THE PROBLEM:
Your answer must be an exact retyping of the line containing "A little girl" and every line after it through the end of the records below, with no pictures and nothing else.

DATASET EXCERPTS:
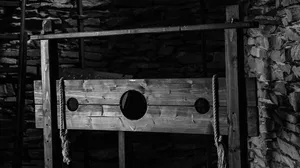 A black and white photograph of a medieval stock in a dungeon A black and white photograph of a medieval stock in a dungeon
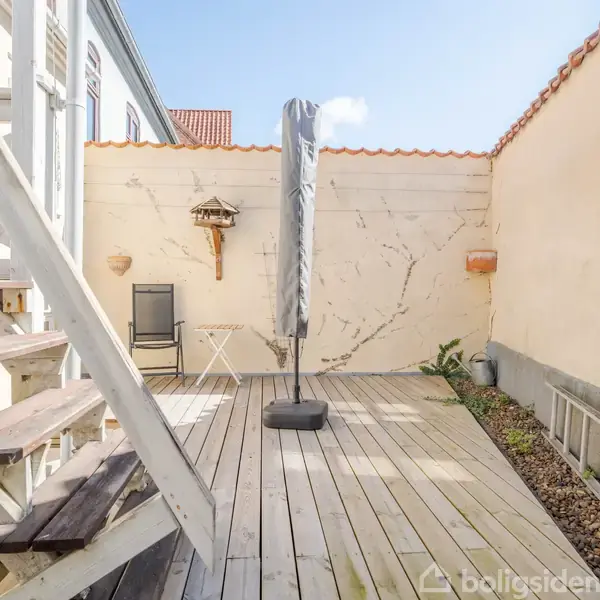 Terrasse med parasol i midten, omgivet af en træplatform. Til venstre en trappe, til højre planter. Væggen bagved har en stol, bord og fuglehus. Ingen tekst synlig.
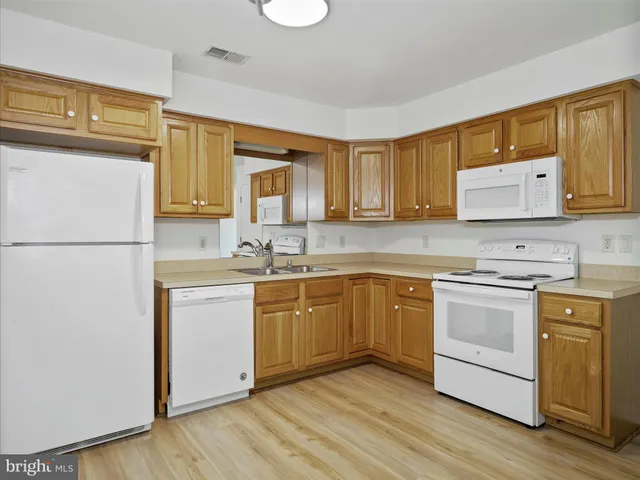 a kitchen with stainless steel appliances granite countertop a refrigerator a stove top oven and a sink with wooden floors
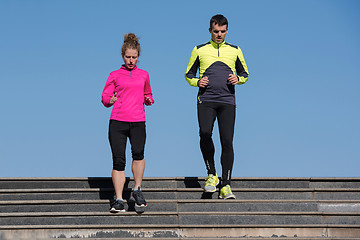 Image showing young  couple jogging on steps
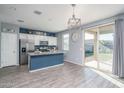 Modern kitchen with blue cabinets, granite counters, and island at 416 N 110Th Ave, Avondale, AZ 85323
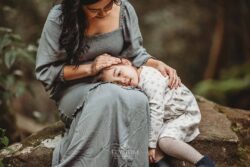 A little girl rests her head in her mothers lap as she strokes her hair
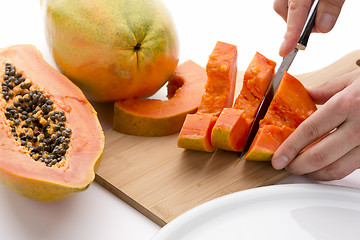 Image showing Half A Papaya Fruit Being Cut Into Slices
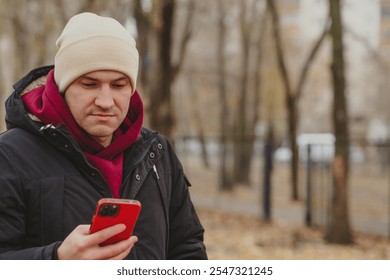 Man in winter attire checks smartphone outdoors in a park during autumn. - Powered by Shutterstock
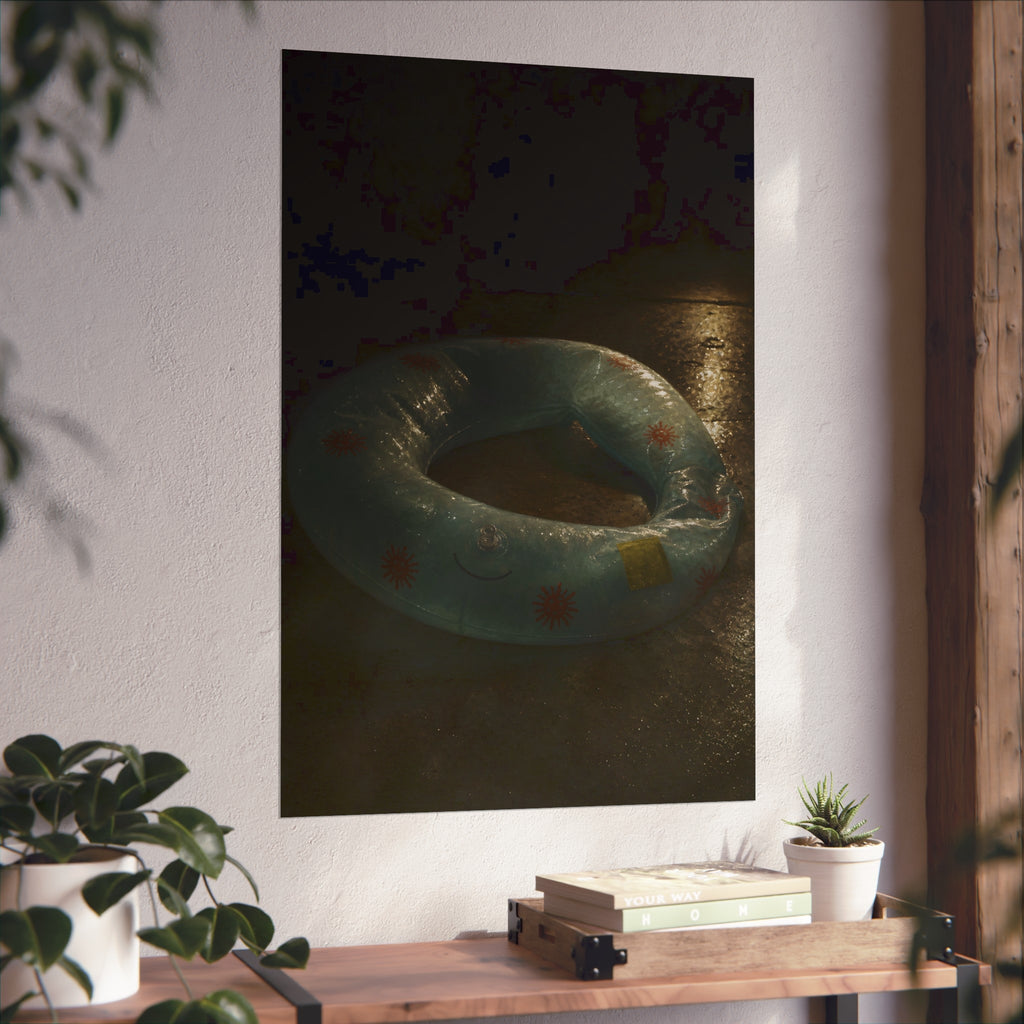 Deflated pool float ring on wet ground, lit from one side in the dark. After the Last Swim by Garabaggio, fine art print hanging in a room.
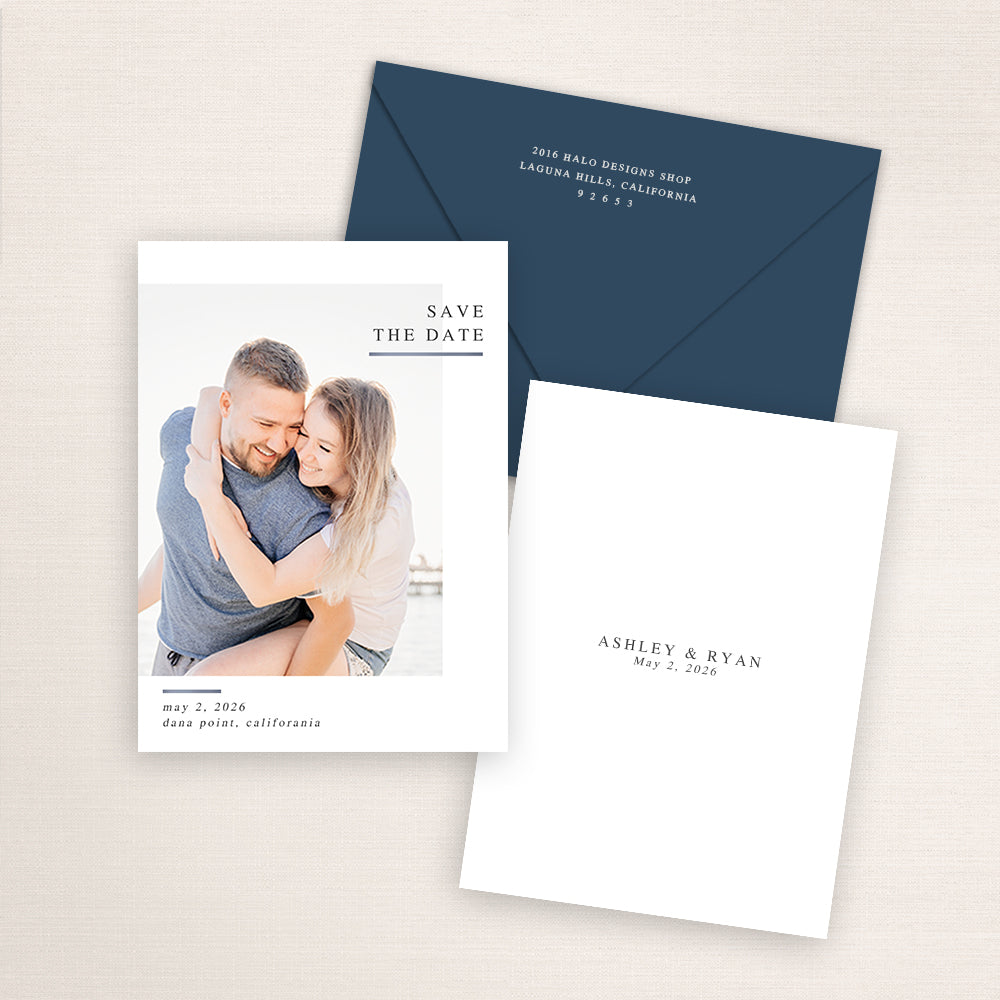 Elegant and simple save the date card with a navy envelope. The couple’s beach photo is paired with refined serif typography and clean white space, showcasing a timeless and modern design.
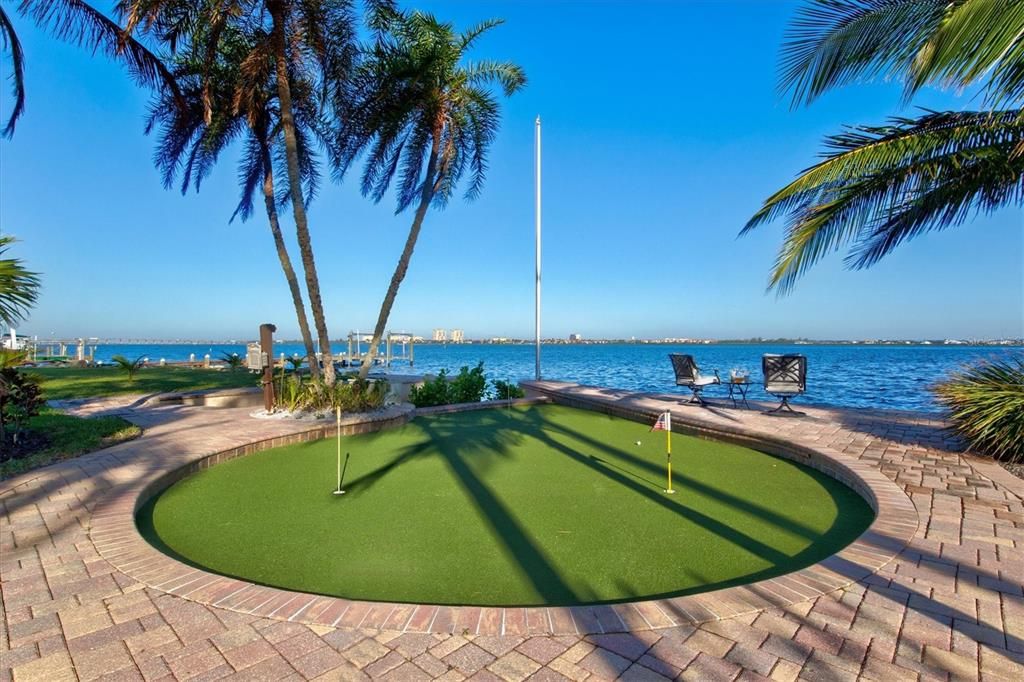 Putting green at waters edge.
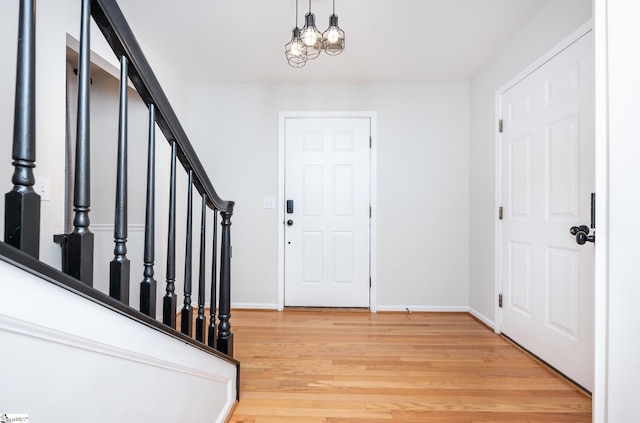 entryway with stairs, a chandelier, baseboards, and wood finished floors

SOLUTION TO THE PROBLEM:
 A little girl rests her head in her mothers lap as she strokes her hair
 Image showing Half A Papaya Fruit Being Cut Into Slices
 Man in winter attire checks smartphone outdoors in a park during autumn. - Powered by Shutterstock
 Deflated pool float ring on wet ground, lit from one side in the dark. After the Last Swim by Garabaggio, fine art print hanging in a room.
 Elegant and simple save the date card with a navy envelope. The couple’s beach photo is paired with refined serif typography and clean white space, showcasing a timeless and modern design.
 Putting green at waters edge.
 entryway with stairs, a chandelier, baseboards, and wood finished floors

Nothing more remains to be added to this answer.